June 20, 2018, © Leeham News: The International Association of Machinists may be playing with fire.
Puget Sound’s IAM 751 may be burned in the process.
The Charleston Post and Courier reported that the IAM will file a labor grievance over Boeing’s refusal to recognize certification of a “micro-union” while the company appeals the legality of its creation.
“Boeing ignores us at their own peril,” the newspaper quotes a union official.
The union may be pursuing this at its own peril.
At stake is where Boeing will assemble the prospective New Midmarket Aircraft, or NMA (aka 797).
A small, sub-group of workers at Boeing’s Charleston (SC) 787 assembly plant voted last month by a wide margin (61.5% to 38.5%) to unionize, with the IAM representing them. The flight line workers are a small group—the vote was 104-65.
Boeing contends this is a “micro-union,” prohibited under federal law. It will appeal to the National Labor Relations Board, which under President Donald Trump is now seen by many as pro-business and anti-labor.
The national IAM claims Boeing is obligated to begin negotiating a contract with the new unit. Boeing refuses to turn over relevant information. The IAM plans to file an unfair labor practices complaint.
The micro-unit is viewed by some as the camel’s nose under the tent toward re-unionizing the Charleston plant, something Boeing staunchly opposes.
When the plant was owned by Vought and Global Aeronautica, the IAM successfully organized workers. But after Boeing purchased the facility and held out the prospect of locating a second 787 assembly line there, workers voted to decertify the IAM.
The IAM tried twice to re-organize the workers. The first vote was called off, with allegations of intimidation cited by the IAM.
The union lost the vote in the next effort.
With the success this third time, both sides look for the IAM to try at some point to organize more workers.
All this happened, and is happening, against the backdrop of a major campaign in the Puget Sound area to persuade Boeing to site the NMA/797 assembly line at the Everett (WA) plant, where Boeing’s wide-body aircraft (except for 787 line 2) are built.
But 751, although not directly involved in the Charleston vote, weighed in with a statement on the results—one that certainly did not go unnoticed by Boeing.

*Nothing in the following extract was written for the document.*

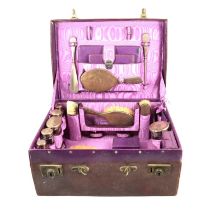A leather travelling vanity case with silver topped jars and brushes.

“District 751 would like to congratulate the flight line mechanics in Charleston (SC) who have successfully stood up to the Boeing Company and very strongly stated that “we want rights on the job,” 751 posted on its website. “All the captive audience meetings had no impact. The workers were not intimidated and chose to be represented by the IAM. This is the first step in their efforts to gain fairness and a voice on the job.”
Neither the union vote, unfair labor practices complaint nor the 751 statement will help the cause of locating the NMA assembly site in heavily-unionized Puget Sound.